Have them both on the bench cut up. The 12v is around .565" to .581" and the 24v is .472" to .479" There may be more or less material in different spots but that is the common thickness. I have cut up to .080" with no issues.

Zach

Due to the application of the first one I'm just going to stick with .080 off since it will be getting thin under the 1/2" pipe plugs under the intake.
Any suggestions on valve relief depth with one of your 181/210's, std head gasket and about .010 off the block?
 
After a bunch of measuring and figuring, on a combination that does not actually need valve reliefs, cutting .080 off the head and .080 flycuts you get rid of 4cc's. Don't seem like much, but it's enough to go from 16:1 to 17:1 A .020 over head gasket is a 4.5cc gain and the negative difference is pretty noticeable there.
Not to mention the cylinder pressure gain (mostly at cranking speed for starting) from the little extra low lift flow.

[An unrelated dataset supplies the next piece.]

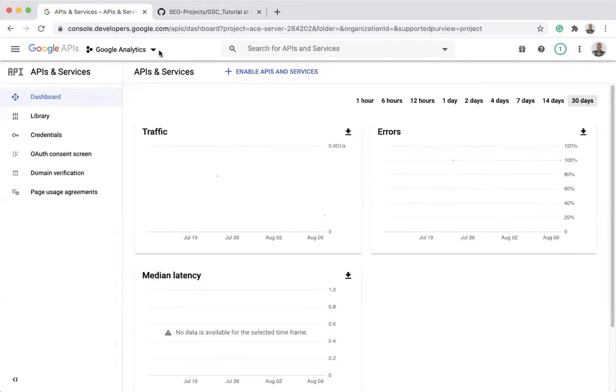Hello. Today I'm going to show you how to create your credentials to be able to use the Google Search Console API with Python.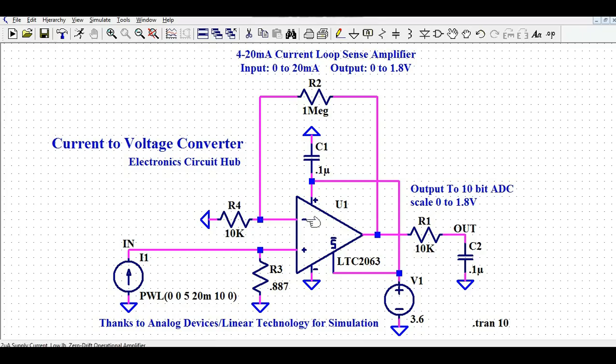This is the inverting terminal and we have feedback. R4 is 10k and R2 is 1 mega ohm. The gain for a non-inverting current to voltage converter is 1 plus RF divided by R1, that is 1 plus R2 divided by R4, which is 1 plus 1 mega ohm divided by 10k. That gives a gain of 101.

On a engine that needed .020 extra clearance for valves, doing it with a head gasket based on a 65cc/16.13:1 figure, it would put you at 15.15:1.
Cutting .080 off head and .100 flycuts would put you at 16.86:1
Huge difference in driveability.

The base 65cc I pulled out of my arse because it was close.
Piston bowl diameter will change figures slightly. the smaller bowl diameter will mean less of a change since you are taking more cc's of aluminum out with flycuts.
 
How do you lose 4cc of compression volume by shaving the head and removing material from the piston. Do the valves protrude that far into the cylinder after to reduce the volume that much?
 
How do you lose 4cc of compression volume by shaving the head and removing material from the piston. Do the valves protrude that far into the cylinder after to reduce the volume that much?

The material cut out for the valve reliefs is not the full diameter of the valve. Some of it hangs over the bowl of the piston.
 
your wasteing a lot of time shaving the head. you wont gain enough low lift flow to even notice any power difference. if your wantin to raise compression then it aint a bad idea but IMO its a lota work for nothin. as for your question with a 181/210...thats just duration numbers. what kinda lobe lift you running and what piston? you wont know how much flycut youll need until you get your head torqued and check valve clearance.
 
your wasteing a lot of time shaving the head. you wont gain enough low lift flow to even notice any power difference. if your wantin to raise compression then it aint a bad idea but IMO its a lota work for nothin. as for your question with a 181/210...thats just duration numbers. what kinda lobe lift you running and what piston? you wont know how much flycut youll need until you get your head torqued and check valve clearance.

I know that's just duration, that's why I asked Zach directly since he's the one that engineered the cam.
It is mostly a compression thing. (at least it kind of went that direction) In my application I'm just trying to bump it up some. Don't remember lobe lift, not that that will tell much anyhow. Pstons are 286210's. With the block decked .010 and the head/valve relief crap I'll end up at 19:1-19.5:1.
Cut .080 reliefs in a piston today to check clearances, then cut as necessary on the ones I'm gonna use.
I know low lift gain is gonna be minimal. Full power/boost you'll never notice it, it's at starting and low/no boost that it'll come in to play.
 
Instead of cutting off the head. Why wouldn't you just cut seat pockets and press new seats in the head. That way you can put the seats higher in the port and un shroud the valve that way. You will probally need longer valves tho.